§ **Task instructions**: Could you retype exactly the line containing "CAO Flathead premium" and every line after it in the data below, leaving out the pictures?

§ **Data below**:
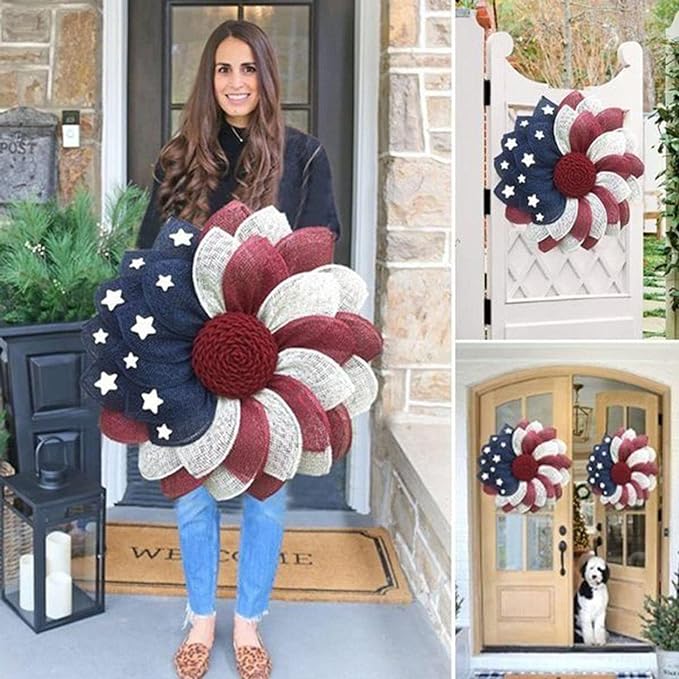🔥[SAVE 50% OFF]-- 45CM/18 Inch American flag independent sun flower Wreath-BUY 2 FREE SHIPPING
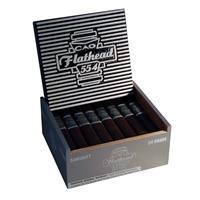 CAO Flathead premium cigars in a 24-count box, featuring dark wrappers and detailed cigar band design.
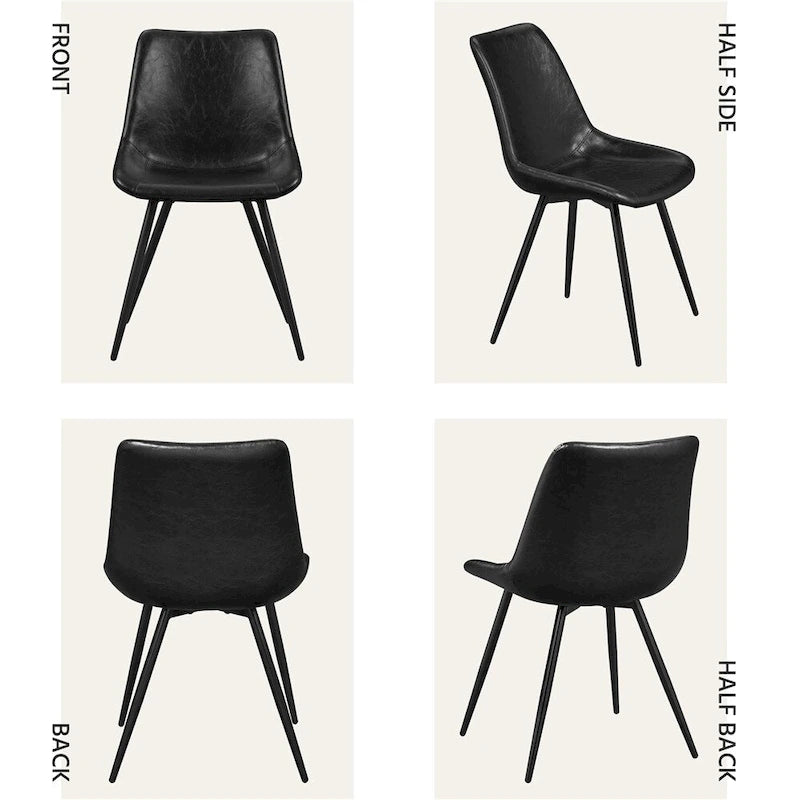 Yaheetech Lot de 2 chaises de salle à manger en similicuir avec pieds en métal - N/A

§ **Exercise answer**:
 CAO Flathead premium cigars in a 24-count box, featuring dark wrappers and detailed cigar band design.
 Yaheetech Lot de 2 chaises de salle à manger en similicuir avec pieds en métal - N/A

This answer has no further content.